Activity. Reproduce exactly, and solely, the lines running from the top of the data below through the line with "This is the", both inclusive. Omit pictures.
··········
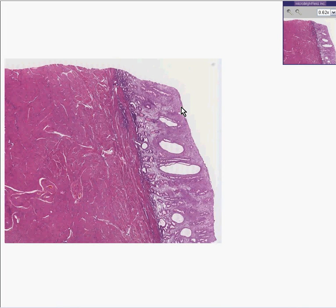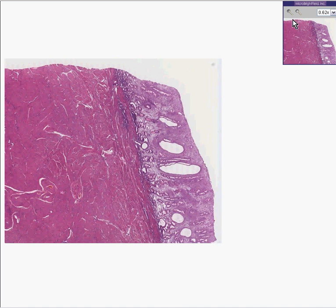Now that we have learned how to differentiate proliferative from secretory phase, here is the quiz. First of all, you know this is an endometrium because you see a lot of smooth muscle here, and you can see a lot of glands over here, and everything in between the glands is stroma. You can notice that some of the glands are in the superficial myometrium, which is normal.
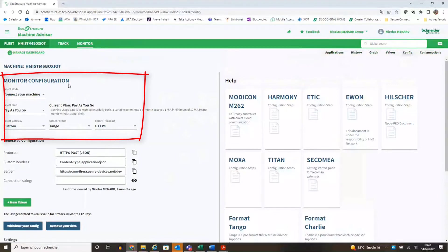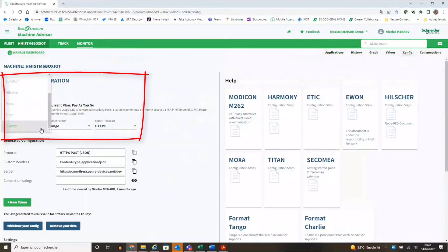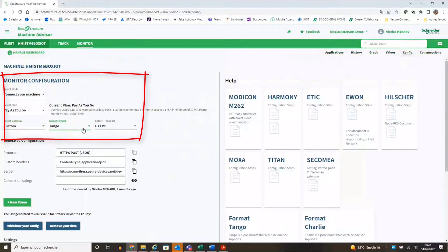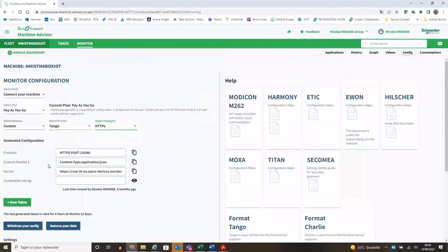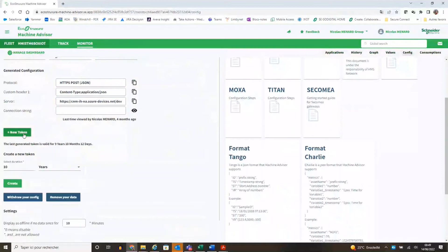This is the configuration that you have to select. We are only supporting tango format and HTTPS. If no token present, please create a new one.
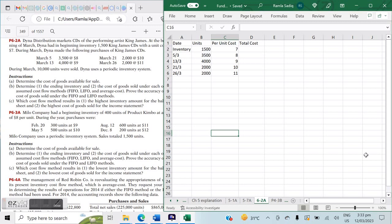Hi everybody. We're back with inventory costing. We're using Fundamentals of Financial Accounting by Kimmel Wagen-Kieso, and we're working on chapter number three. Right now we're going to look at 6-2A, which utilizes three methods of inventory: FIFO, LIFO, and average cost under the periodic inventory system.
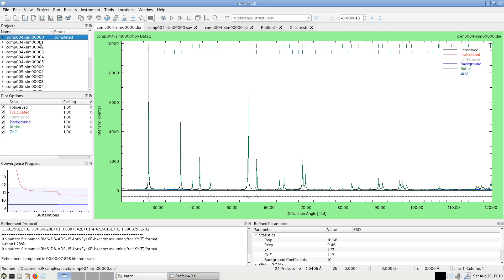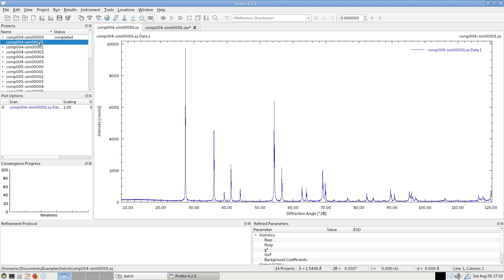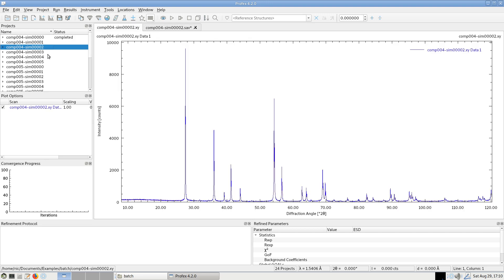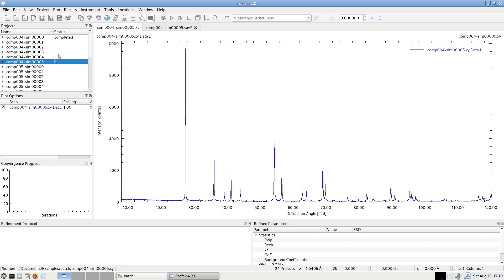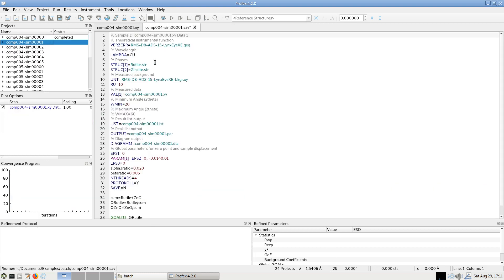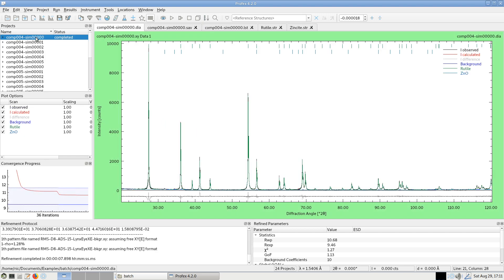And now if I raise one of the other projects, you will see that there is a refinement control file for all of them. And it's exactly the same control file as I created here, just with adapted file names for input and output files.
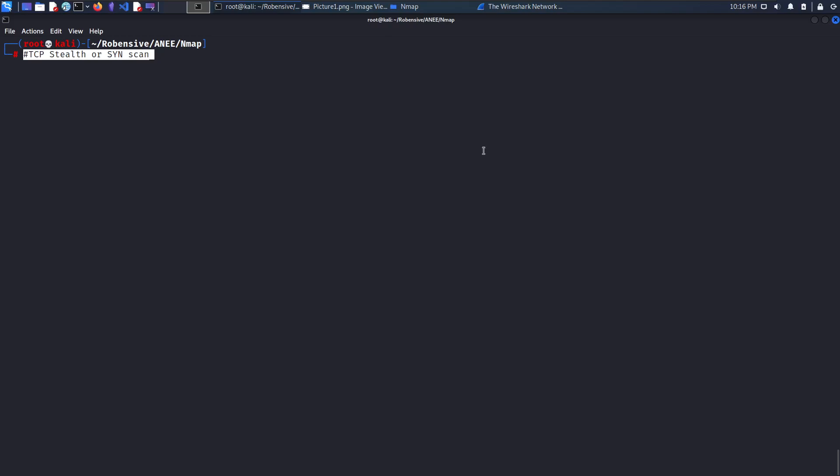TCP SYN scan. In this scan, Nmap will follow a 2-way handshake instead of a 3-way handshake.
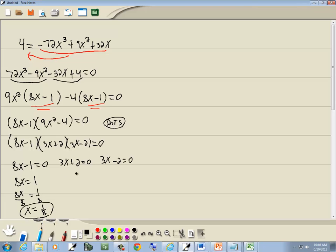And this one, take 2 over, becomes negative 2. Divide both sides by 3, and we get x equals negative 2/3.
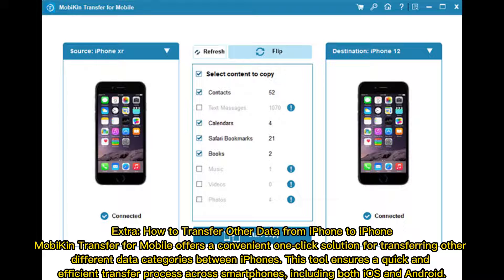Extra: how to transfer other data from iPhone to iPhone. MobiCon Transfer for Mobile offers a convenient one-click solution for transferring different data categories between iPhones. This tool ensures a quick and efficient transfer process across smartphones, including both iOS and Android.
··········
Result.
Now that we have learned how to differentiate proliferative from secretory phase, here is the quiz. First of all, you know this is an endometrium because you see a lot of smooth muscle here, and you can see a lot of glands over here, and everything in between the glands is stroma. You can notice that some of the glands are in the superficial myometrium, which is normal.
This is the configuration that you have to select. We are only supporting tango format and HTTPS. If no token present, please create a new one.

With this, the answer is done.